What was at first deferentially passed over or hinted at, but later came to dominate the stories in the press, were the problems that arose from the Princess’s love of late-night parties and Snowdon’s almost pathological infidelity. In the end, however, it was reports of Princess Margaret’s liaison with the playboy Roddy Llewelyn on the Caribbean island of Mustique that provided the excuse for their separation in 1976 and divorce two years later.

Anthony Charles Robert Armstrong-Jones was born on March 7 1930 into the largely unlanded gentry; his father Ronald was a barrister and his mother Anne a noted society beauty from an artistic family; her brother was the theatre designer Oliver Messel. The pair divorced, and Anthony’s mother later became Countess of Rosse.

He was educated at Eton, but spent almost a year of his childhood confined to bed (six months of it in Liverpool Royal Infirmary, without either of his parents visiting) with polio, an ailment from which he recovered but which left him with a limp. He went on to Jesus College, Cambridge, and coxed the winning team in the 1950 Boat Race. He did not, however, complete his training as an architect and instead, aged 21, set up as a freelance photographer.

He was quickly a success. Snowdon’s photographs were certainly accomplished, and his portrait work in particular put him in the same league as his contemporaries David Bailey and Terence Donovan; more than 100 of his pictures are now held by the National Portrait Gallery.

His particular talent was to capture informal moments – something he did, paradoxically enough, by dismissing all suggestions that the subject should be put at ease. “I think there has to be an edginess,” he explained. It helped, too, that he was well-connected, and in 1956, he was commissioned to take the Duke of Kent’s official 21st birthday pictures.

It led to further royal commissions and eventually, to the announcement in 1960 of his engagement to Princess Margaret. They were married in May and, after a honeymoon on the Royal Yacht Britannia, moved into Kensington Palace. Their first child David, Viscount Linley, was born the following year.

Oddly, Armstrong-Jones’s promiscuity, which was already a byword amongst his circle, and which was rumoured not to have been confined to womanising, seems not to have been an issue before the wedding.

Later, Snowdon was to father at least two children out of wedlock, and the interior designer Nicky Haslam claimed to have had an affair with him before his marriage. But at the time, the press’s deferential attitude towards the Palace and the tendency of the upper classes to keep such matters within their own circles seem to have been considered safeguard enough.

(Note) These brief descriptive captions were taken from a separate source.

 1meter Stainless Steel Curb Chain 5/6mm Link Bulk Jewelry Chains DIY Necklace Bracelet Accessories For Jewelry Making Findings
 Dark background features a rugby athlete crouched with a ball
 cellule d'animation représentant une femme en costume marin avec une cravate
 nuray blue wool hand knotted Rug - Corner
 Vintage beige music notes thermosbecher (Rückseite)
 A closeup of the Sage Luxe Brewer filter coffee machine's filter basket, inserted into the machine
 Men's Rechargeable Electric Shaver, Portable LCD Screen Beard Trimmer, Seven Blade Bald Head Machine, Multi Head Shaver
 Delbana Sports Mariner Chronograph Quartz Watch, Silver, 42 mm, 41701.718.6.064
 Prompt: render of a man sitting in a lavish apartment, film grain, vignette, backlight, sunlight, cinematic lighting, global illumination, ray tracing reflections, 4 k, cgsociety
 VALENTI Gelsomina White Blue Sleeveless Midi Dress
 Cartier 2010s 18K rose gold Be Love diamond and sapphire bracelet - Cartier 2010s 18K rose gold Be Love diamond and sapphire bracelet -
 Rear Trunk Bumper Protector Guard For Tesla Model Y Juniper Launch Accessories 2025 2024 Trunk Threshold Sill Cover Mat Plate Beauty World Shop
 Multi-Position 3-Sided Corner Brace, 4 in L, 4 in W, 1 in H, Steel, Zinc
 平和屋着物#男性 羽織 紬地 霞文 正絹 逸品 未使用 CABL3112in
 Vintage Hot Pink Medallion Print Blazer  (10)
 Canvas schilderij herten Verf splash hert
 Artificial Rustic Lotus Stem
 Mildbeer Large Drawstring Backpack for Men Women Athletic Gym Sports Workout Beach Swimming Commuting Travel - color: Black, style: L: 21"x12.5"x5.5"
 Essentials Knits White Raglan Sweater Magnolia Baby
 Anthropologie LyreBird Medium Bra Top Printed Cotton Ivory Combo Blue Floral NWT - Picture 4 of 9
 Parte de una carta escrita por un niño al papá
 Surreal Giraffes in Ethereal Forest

The changing mores of the 1960s and early 1970s were to sweep that away, but Snowdon’s own indiscretions received considerably less attention than those of Princess Margaret. Whether this arose from a sexist double-standard, the Princess being better “copy”, or her behaviour being objectively worse hardly mattered: Snowdon escaped relatively lightly. Even the Palace tended to take his part, probably because he never spoke about his marriage to the press and was noticeably less keen on the limelight than his wife.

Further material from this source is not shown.